Zero-Downtime Deployments

01Why downtime is now optional

Twenty years ago, deploying meant stopping the server, replacing the binary, restarting. Users got an error page. Now we have load balancers, container orchestrators, and infrastructure that can run multiple versions side by side. The technical capability exists; the patterns just need to be applied.

Three strategies cover almost every real-world case. Each has trade-offs in cost, complexity, and risk.

02Rolling deployment — the default

Replace instances one (or a few) at a time, gradually shifting traffic to the new version. While instance #1 is being replaced, instances #2–#10 serve traffic. When #1 is healthy with new code, replace #2. Repeat.

Pros: simple, low resource overhead (don't need a full duplicate fleet), built into every orchestrator (Kubernetes, ECS, Nomad).

Cons: both versions run concurrently during the rollout. Your code must tolerate that. Rollback is also a rolling deploy of the previous version — not instant.

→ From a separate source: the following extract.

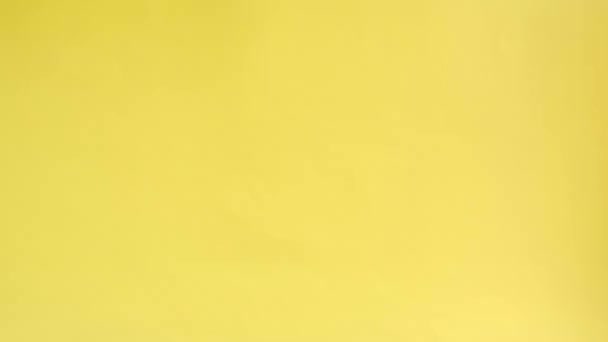Крупним Планом Руки Дитини Демонструють Знак Вітри Жовтому Папері Виражають — стокове відео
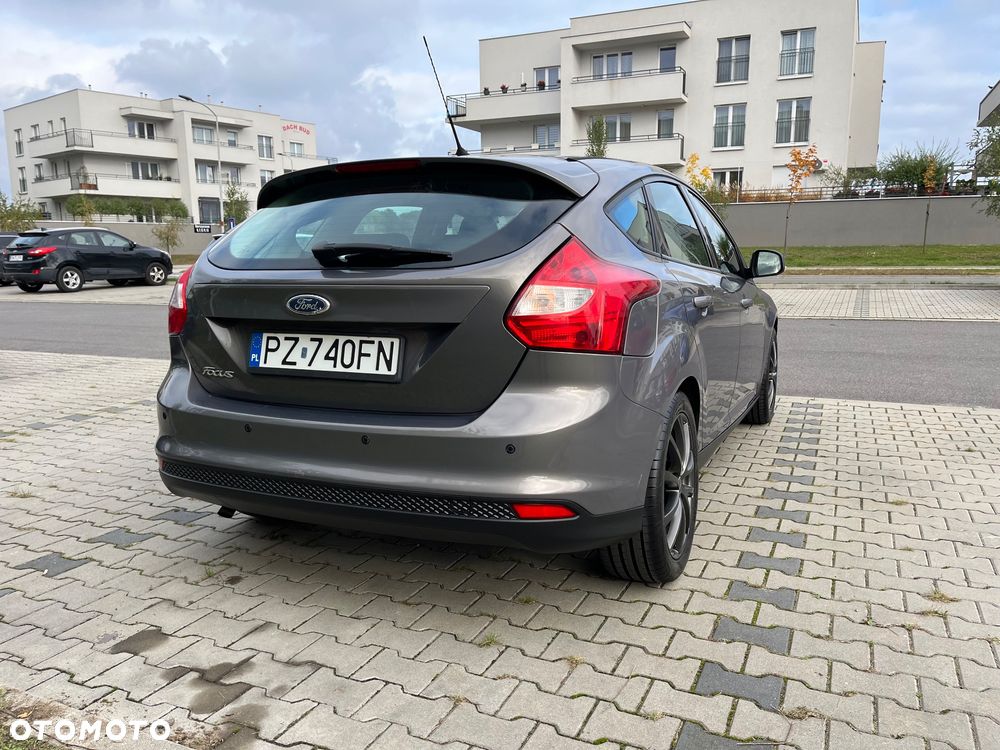 Ford Focus 1.6 Trend Sport - 18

✓ Kubernetes rolling update

spec:
  strategy:
    type: RollingUpdate
    rollingUpdate:
      maxSurge: 1           # up to 1 extra pod during update
      maxUnavailable: 0     # never lose capacity

maxUnavailable: 0 means you maintain full capacity throughout the rollout. maxSurge: 1 means you may briefly run one extra pod (the new version) while the old pod is draining.

03Blue-green — instant cutover

Run two complete environments: blue (current) and green (new). Deploy to green while blue serves traffic. When green is healthy, flip the load balancer. All traffic instantly switches.

Pros: instant cutover, instant rollback (flip the load balancer back), the new version is fully warmed up before users see it.

Cons: 2x resource cost during deployment (both environments running). Database migrations are tricky because both environments share a database.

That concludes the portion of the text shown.